Baseball Toaster was unplugged on February 4, 2009.
The Phils' Tomas Perez hit a three-run home run and an RBI sac fly tonight to help the Phils slip past the Diamondbacks, 8-7, tonight. In the process the Phils have reached .500 for the first time since April 7, when they were just 1-1; it was their seventh try to reach the mediocrity mark.
Perez now has two home runs on the season and both were off of Arizona's Brandon Webb. The first came in the May 2 game which the Phillies won, 6-5, in the 14th inning (though they should have won in with the bases loaded and one out in the 11th, but Bowa ran Glanville out to hit). The two-run homer by Perez was the Phils' first runs in the ballgame. It came in the seventh with the D-Backs leading, 4-0. What's more, Webb has given up just three home runs on the season and two were to Perez.
It reminded me of the way that role player Tommy Hutton used to own Tom Seaver in the mid-Seventies. Hutton rarely started but whenever the Phils played the Metsand Seaver was pitching, there he'd be at first or left with his blond Cheshire Cat moustache and his glove way up on his hand. Seaver was probably the best pitcher of his era, and Hutton was little more than a bench player, but somehow Hutton owned 'im. I remember one night game at the Vet in 1977, in which Hutton hit a home run to lead the Phils over Seaver and the Mets. I remember a picture of Hutton rounding the bases with the old Vet scoreboard brimming with the word "TOMMY!" in lights while Seaver manicured the mound with his heel. I just looked the game up in Retrosheet and it was May 27. Hutton went 2-for-3 with four RBI. He singled in the game's first run in the first, hit a two-run home run in the sixth to put the Phils up 4-1, and hit a sac fly in the eighth that put the Phils ahead to stay, 5-4. Hutton hit one other home run and drove in 7 other runs in his 78 other at-bats that year.
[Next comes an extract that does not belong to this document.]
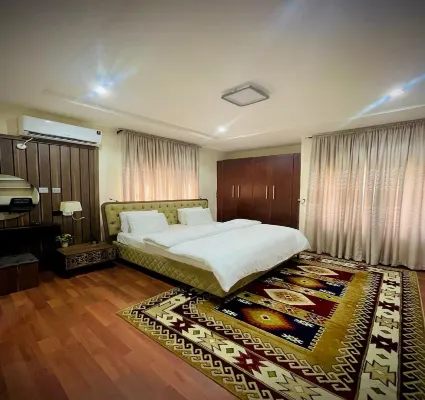 Integral Consults Apartment Hotel di Municipal Area Coun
By the way, more news from the Age of Jive. Ryan "Don't Call Me Oscar" Madson broke Marty Bystrom's team record for consecutive scoreless innings to start a career tonight with 21.1. For those who don't remember Bystrom went 5-0 with a 1.50 ERA after a September call-up in 1980. Before his first game September 7, the Phils were a game behind the Expos for the NL East lead. His first start came Sept 10 and he beta the the Mets, 5-0, pitching a complete-game shutout (he only had one other for his career). At this point the Phils were a half-game back. On 9/14, he held the Cardinals scoreless throiugh seven to keep the Phils a full game back of the Expos. He finally relinquished his first major-league runs on 9/20 in the fourth inning against the Cubs but ends up winning his third straight. On September 25, Bystrom wins a 2-1 pitchers dual against the Mets Pat Zachry to put the Phils in first by a half game as the Expos lose to the Cubs by one-run, 6-5. The Phils again fall behind the Expos, but Bystrom's 14-2 victory over the Cubs on September 30 kept the Phils one half-game back. Philadelphia ended up tied with Montreal as the faced off in the final series, which the Phils won two games to one. Bystrom ended up getting shelled in his one World Series start that year allowing three runs and 10 hits in five innings. The Phils, however, ended up winning 4-3 and ended up winning the Series the next game.